As farmers weekly went to Press on Wednesday (Oct 25) feed wheat was trading at about £119/t ex-farm for November – £4 up on the same time last week, though slightly back on Mondays peak as sterling recovered.
But everything still points to a strong market for the rest of the season. Figures from the US Department of Agriculture estimate a 6% fall in US wheat production, after a third successive year of bad weather.
This combined with the reappearance of a number of big world buyers last week, including Egypt, Tunisia and China, to push world prices to new seasonal highs.
Closer to home, continued lack of ex-farm supplies is keeping the UK market tight.
Against this background, the EC confirmed late last week that it was going to introduce a grain export tax from Nov 16, in a last-ditch attempt to rein in prices.

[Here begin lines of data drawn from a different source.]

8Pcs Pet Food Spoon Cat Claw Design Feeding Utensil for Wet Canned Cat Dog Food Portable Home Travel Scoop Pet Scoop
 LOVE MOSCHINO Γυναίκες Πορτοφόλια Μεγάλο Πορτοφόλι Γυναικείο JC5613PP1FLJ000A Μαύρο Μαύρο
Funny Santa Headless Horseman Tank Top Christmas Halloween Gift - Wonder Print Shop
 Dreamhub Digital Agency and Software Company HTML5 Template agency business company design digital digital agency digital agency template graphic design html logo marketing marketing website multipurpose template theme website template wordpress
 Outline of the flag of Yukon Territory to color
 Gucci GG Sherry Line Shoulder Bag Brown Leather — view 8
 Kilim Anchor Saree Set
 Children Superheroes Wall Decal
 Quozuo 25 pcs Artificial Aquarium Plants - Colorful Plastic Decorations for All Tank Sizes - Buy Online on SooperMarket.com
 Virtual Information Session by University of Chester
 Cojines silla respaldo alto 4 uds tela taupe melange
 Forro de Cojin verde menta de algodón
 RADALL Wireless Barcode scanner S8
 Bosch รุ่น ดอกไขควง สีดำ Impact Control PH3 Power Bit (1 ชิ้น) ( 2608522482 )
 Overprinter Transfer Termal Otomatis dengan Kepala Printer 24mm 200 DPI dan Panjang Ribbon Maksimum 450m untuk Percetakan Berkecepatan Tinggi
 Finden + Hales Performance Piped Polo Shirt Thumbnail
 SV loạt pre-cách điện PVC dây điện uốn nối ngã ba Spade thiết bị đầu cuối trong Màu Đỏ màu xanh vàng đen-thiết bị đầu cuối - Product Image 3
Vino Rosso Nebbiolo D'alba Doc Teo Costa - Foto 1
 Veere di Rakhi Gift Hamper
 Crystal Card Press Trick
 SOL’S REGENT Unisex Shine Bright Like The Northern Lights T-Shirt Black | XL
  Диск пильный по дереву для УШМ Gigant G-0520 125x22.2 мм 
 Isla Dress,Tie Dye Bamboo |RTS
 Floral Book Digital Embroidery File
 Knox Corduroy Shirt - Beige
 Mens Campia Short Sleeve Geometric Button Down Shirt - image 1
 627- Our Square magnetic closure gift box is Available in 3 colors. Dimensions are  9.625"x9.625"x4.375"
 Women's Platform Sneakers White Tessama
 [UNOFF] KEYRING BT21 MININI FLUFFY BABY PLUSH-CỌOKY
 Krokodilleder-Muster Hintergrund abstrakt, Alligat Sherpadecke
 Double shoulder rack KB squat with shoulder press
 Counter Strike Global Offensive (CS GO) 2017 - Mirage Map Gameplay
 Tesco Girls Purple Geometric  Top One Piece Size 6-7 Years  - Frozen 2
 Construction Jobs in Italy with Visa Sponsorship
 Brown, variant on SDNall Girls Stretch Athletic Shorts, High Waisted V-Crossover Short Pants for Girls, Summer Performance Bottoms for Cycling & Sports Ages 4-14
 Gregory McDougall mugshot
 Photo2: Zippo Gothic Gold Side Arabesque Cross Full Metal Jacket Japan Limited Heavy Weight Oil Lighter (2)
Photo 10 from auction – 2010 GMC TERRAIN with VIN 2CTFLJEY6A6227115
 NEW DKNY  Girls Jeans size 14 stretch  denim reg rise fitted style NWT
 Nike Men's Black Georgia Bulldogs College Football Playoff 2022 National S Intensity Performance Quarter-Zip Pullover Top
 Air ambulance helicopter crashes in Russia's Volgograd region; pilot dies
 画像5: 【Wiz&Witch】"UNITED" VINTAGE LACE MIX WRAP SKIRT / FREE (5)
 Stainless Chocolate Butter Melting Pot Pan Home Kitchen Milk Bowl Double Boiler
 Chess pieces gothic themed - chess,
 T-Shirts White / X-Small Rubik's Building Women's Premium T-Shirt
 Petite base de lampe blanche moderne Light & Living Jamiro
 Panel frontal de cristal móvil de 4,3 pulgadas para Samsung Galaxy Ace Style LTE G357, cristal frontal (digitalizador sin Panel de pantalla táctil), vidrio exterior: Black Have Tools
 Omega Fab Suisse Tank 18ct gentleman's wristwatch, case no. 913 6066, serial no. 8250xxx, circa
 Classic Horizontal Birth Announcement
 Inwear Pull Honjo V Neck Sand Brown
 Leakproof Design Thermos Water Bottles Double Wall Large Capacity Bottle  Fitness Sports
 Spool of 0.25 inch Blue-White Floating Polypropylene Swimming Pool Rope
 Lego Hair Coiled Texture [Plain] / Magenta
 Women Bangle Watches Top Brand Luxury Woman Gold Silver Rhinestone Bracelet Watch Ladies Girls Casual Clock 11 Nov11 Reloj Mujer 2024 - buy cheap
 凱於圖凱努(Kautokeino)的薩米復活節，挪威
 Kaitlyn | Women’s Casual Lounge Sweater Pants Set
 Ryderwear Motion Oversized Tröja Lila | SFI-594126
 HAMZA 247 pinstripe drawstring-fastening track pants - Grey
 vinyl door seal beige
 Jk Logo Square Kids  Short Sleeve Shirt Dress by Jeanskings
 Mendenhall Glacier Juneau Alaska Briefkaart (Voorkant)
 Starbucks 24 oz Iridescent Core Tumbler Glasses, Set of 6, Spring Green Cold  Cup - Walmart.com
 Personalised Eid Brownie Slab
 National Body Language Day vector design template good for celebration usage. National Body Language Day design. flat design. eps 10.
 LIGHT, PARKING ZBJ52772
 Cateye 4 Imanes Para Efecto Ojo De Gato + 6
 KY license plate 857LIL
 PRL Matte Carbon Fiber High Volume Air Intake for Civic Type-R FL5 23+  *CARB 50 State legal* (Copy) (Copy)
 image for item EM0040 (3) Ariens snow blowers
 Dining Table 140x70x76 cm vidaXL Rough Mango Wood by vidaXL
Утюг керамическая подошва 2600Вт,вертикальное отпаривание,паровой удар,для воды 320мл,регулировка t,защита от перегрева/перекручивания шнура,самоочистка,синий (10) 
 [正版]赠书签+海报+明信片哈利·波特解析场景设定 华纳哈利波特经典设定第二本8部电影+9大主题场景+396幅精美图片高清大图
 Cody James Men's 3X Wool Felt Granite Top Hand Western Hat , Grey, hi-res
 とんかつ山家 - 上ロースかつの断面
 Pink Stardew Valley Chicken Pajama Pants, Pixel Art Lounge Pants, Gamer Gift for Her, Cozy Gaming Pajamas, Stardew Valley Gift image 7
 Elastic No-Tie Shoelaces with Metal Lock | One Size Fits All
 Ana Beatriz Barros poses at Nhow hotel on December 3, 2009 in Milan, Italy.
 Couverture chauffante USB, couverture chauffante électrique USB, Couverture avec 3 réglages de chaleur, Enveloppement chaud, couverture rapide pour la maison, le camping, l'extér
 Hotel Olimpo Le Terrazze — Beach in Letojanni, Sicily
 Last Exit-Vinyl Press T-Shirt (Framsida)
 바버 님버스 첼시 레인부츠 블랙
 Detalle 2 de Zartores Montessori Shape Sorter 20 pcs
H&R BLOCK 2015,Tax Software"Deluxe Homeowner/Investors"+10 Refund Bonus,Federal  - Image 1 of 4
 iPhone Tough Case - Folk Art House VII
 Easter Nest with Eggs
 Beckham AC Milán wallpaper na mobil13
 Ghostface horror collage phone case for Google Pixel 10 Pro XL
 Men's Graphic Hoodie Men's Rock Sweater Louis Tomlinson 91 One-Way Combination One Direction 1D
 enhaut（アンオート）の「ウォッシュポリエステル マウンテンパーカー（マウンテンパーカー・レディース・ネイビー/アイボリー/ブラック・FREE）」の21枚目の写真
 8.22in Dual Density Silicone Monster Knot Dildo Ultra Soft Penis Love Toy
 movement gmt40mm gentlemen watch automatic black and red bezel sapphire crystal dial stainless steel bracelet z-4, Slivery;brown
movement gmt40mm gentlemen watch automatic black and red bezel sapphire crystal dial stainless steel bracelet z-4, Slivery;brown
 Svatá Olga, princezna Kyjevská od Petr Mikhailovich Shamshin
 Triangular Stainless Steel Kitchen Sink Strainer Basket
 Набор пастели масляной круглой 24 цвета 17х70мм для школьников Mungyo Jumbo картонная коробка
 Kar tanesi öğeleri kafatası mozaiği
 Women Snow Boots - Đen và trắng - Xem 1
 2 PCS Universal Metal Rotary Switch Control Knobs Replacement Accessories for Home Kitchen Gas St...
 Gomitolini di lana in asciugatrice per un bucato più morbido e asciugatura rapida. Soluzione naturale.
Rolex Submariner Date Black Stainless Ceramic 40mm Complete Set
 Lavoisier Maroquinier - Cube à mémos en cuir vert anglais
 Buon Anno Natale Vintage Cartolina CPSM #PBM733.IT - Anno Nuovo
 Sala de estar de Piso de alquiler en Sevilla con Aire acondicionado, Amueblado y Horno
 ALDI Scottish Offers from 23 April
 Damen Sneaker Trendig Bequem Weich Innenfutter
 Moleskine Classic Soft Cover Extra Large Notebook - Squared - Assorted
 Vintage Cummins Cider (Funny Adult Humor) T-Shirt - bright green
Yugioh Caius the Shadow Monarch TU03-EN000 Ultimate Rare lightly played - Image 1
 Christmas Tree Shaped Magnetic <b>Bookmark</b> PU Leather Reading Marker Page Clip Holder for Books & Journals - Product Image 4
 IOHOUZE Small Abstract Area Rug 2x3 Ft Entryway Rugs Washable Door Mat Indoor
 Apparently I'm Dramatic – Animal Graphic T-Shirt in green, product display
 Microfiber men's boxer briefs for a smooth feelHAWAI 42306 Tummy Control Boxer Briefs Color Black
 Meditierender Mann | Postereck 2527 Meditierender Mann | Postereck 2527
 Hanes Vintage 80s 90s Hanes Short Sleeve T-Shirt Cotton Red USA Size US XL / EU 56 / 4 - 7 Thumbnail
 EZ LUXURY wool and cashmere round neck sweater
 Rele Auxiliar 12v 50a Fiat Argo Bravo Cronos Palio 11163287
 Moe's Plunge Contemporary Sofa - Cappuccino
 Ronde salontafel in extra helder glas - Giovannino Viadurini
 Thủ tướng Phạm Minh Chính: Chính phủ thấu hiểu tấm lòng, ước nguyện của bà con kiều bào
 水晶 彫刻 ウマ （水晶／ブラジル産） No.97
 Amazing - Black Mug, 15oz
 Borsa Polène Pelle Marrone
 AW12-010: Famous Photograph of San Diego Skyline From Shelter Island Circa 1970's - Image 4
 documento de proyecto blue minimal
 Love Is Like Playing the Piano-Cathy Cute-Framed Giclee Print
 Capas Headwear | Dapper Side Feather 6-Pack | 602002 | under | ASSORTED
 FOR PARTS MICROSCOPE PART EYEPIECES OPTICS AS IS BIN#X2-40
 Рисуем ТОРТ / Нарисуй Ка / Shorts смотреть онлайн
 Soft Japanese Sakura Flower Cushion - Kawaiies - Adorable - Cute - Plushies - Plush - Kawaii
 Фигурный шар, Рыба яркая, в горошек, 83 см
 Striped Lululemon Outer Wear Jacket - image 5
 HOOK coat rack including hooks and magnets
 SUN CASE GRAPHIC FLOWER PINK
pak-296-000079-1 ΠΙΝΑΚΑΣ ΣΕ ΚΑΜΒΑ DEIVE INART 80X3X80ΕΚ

With world prices overtaking EU levels (midweek, US wheat was worth about $7/t more than UK supplies delivered to north African markets), exporters will have to pay back some or all of the extra.
But rather than impose a flat-rate tax – politically unacceptable to the French – the EC is making traders tender a level at which they wish to do business.
Trade reaction to what effect this will have on the market has been mixed, though much will depend on what rate of tax the commission accepts before it grants export licences.
Tim Pollock of north east co-op Tynegrain anticipates the EC will take a firm line, only accepting the most generous tenders as it tries to limit export tonnage and depress prices.
This view is shared by Robert Kerr of shipper merchant, Glencore. "This is the commissions last weapon," he says. "If the world market keeps going up, the tax offers will have to increase in tandem, putting a ceiling on internal prices."
But other merchants believe factors other than the world market will continue to drive the UK trade. Nick Oakhill of Usbornes points to the lack of cover taken by domestic compounders post-Christmas and the fact the Spanish will still be in the market in the new year.